Jung lauschte diesem Streit eine Weile. Dann bemerkte er, daß Konfuzius mit seiner ›Höheren Person‹ denselben verallgemeinerten und allumfassenden Menschen gemeint haben müsse, der uns vorschwebt, den die Rasse verkörpernden, nicht den individuellen Menschen. Auch das war mir neu. ›Höhere Person‹, erklärte Jung, könne ebenso gut mit Übermensch übersetzt werden; doch hätten wir Europäer eine unglückselige Art, das chinesische Denken zu mißverstehen, ins Lächerliche zu ziehen und unfruchtbar zu machen dadurch, daß wir die ihm eigenen Redewendungen ganz wörtlich übersetzten und dabei so würdelose Ausdrücke als nur möglich verwendeten. Caradoc Evans, warf ich dazwischen, habe die wallisische Religiosität in Verruf gebracht, indem er den Ausdruck ›schimmerndes Gewand der Rechtlichkeit‹ mit der Bezeichnung ›weißes Hemd‹ wiedergab. Wir hätten bisher nur eine ganz nebelhafte Vorstellung vom chinesischen Denken, fuhr Jung fort, auch vom zeitgenössischen; es sei sehr leicht möglich, daß die Chinesen auf durchaus eigenen Wegen, ohne unsere Anteilnahme oder Mithilfe, zu einer praktisch anwendbaren modernen Weltphilosophie gelangen würden.
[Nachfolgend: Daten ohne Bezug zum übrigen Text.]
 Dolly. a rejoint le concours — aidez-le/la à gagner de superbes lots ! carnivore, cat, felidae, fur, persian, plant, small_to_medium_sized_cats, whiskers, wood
Doch ob wir nun die großen Lehren Chinas oder die Opfermysterien Perus ins Auge faßten, überall fänden wir, bald in groben und ungeheuerlichen, bald in kalten und rätselhaften Formen, die Andeutung einer nahezu universalen Idee. Jede große Religion und jede Lebensphilosophie habe sich – infolge des Glaubensbekenntnisses und der Erziehung des betreffenden Volkes oft unter ungeheuren anfänglichen Schwierigkeiten – zu demselben geistigen Prozeß durchgetastet, zu der Unterordnung des Egoismus unter ein umfassenderes, verallgemeinertes Wesen, die Verkörperung der Gemeinschaft. Könne ein Zweifel bestehen, daß diese Übereinstimmung auf eine gemeinsame psychologische Notwendigkeit zurückzuführen sei? Daß die gleichartigen Gedankengänge bei den verschiedensten Völkern, den parallelen Streifen auf der Oberfläche eines großen Flußes vergleichbar, die Richtung eines Stromes bezeichnen, der seit fünfundzwanzig Jahrhunderten mit stetig wachsender Macht vorwärtsrollte?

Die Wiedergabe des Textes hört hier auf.